* _YOUR ASSIGNMENT_
All lines holding the string "sold" should be copied from the data below.

* _INPUT_
##########
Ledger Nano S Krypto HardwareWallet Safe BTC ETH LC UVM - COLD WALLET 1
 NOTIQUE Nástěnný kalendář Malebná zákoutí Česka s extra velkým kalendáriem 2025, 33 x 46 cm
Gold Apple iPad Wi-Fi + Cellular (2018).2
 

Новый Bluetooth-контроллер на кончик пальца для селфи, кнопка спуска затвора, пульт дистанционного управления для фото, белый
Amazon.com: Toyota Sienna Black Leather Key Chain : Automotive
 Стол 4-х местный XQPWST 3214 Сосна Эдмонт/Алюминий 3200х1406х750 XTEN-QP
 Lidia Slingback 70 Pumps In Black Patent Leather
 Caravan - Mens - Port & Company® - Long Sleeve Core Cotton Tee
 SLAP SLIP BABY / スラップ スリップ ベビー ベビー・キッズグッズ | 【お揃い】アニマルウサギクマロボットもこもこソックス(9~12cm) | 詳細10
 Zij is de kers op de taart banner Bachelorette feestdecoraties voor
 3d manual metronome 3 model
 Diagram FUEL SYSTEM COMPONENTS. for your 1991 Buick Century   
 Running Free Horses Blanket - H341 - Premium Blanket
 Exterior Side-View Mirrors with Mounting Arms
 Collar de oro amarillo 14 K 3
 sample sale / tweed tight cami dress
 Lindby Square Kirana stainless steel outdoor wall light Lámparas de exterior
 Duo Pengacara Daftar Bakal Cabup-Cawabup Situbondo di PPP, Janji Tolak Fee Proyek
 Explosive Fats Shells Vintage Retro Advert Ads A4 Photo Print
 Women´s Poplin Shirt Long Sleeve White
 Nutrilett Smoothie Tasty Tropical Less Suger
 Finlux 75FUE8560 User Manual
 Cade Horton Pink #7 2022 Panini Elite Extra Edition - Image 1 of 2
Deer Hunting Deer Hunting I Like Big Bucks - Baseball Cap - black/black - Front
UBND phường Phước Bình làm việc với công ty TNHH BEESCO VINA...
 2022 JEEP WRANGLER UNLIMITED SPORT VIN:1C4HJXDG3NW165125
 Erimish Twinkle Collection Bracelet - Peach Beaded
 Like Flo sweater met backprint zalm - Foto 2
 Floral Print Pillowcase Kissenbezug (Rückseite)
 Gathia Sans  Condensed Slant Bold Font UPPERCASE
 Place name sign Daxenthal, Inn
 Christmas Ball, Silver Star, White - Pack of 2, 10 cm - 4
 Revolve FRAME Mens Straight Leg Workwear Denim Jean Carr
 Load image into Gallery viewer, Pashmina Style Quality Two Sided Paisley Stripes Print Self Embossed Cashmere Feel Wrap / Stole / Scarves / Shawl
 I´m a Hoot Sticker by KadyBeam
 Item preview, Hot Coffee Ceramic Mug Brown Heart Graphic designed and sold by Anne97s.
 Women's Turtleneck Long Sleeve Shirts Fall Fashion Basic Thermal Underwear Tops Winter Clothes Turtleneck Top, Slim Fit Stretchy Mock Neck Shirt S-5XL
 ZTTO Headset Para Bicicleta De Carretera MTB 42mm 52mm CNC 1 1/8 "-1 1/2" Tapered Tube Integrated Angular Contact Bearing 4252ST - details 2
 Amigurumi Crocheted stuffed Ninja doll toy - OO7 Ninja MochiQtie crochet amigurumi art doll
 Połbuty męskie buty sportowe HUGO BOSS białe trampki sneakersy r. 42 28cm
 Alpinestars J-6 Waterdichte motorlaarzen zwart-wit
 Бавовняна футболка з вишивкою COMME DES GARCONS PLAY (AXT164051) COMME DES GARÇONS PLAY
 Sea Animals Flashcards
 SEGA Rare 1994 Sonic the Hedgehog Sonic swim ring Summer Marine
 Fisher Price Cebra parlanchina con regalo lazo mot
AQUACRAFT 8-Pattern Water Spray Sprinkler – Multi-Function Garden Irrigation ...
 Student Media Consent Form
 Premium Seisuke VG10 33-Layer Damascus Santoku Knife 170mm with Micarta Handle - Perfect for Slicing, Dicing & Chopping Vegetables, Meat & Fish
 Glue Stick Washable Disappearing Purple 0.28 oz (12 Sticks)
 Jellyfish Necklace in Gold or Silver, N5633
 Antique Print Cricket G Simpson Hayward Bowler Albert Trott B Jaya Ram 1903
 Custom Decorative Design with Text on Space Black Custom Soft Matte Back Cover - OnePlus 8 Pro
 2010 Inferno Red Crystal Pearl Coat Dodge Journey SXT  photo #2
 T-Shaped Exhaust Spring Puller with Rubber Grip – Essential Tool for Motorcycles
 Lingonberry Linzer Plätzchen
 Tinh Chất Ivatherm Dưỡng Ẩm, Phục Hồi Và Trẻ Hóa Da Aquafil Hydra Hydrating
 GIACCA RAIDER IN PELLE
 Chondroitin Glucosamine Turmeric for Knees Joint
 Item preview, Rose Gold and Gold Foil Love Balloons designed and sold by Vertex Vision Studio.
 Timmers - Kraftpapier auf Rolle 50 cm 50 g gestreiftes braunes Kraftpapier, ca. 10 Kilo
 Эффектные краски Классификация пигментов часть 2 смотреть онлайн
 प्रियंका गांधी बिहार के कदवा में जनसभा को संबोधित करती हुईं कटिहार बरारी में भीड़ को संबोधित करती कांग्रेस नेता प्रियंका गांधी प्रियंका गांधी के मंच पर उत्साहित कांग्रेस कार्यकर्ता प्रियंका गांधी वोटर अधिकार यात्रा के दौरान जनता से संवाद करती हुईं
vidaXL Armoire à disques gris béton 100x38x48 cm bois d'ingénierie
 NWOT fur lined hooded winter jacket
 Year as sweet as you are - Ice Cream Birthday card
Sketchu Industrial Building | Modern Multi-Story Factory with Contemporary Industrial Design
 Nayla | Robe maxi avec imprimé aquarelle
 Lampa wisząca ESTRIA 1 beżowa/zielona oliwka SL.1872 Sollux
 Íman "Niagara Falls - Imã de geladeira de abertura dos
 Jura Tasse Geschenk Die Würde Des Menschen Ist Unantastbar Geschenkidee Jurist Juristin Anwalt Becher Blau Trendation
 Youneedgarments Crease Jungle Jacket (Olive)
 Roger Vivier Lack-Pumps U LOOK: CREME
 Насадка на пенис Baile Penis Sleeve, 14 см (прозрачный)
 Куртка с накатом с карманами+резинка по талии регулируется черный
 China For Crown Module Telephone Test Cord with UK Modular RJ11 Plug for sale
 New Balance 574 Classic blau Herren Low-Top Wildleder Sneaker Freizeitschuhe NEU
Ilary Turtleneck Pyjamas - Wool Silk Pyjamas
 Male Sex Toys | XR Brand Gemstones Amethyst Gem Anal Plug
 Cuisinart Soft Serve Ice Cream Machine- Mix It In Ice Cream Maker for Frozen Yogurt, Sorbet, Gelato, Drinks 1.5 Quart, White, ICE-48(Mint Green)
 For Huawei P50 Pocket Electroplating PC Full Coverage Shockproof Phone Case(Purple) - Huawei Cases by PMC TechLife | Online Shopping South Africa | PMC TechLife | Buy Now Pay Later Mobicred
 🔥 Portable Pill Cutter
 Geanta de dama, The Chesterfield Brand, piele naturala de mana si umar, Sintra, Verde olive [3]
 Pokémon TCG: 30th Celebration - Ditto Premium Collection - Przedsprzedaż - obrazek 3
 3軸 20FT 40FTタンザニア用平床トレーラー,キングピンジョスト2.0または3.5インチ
##########
* _THE COMPLETED TASK_
 Item preview, Hot Coffee Ceramic Mug Brown Heart Graphic designed and sold by Anne97s.
 Item preview, Rose Gold and Gold Foil Love Balloons designed and sold by Vertex Vision Studio.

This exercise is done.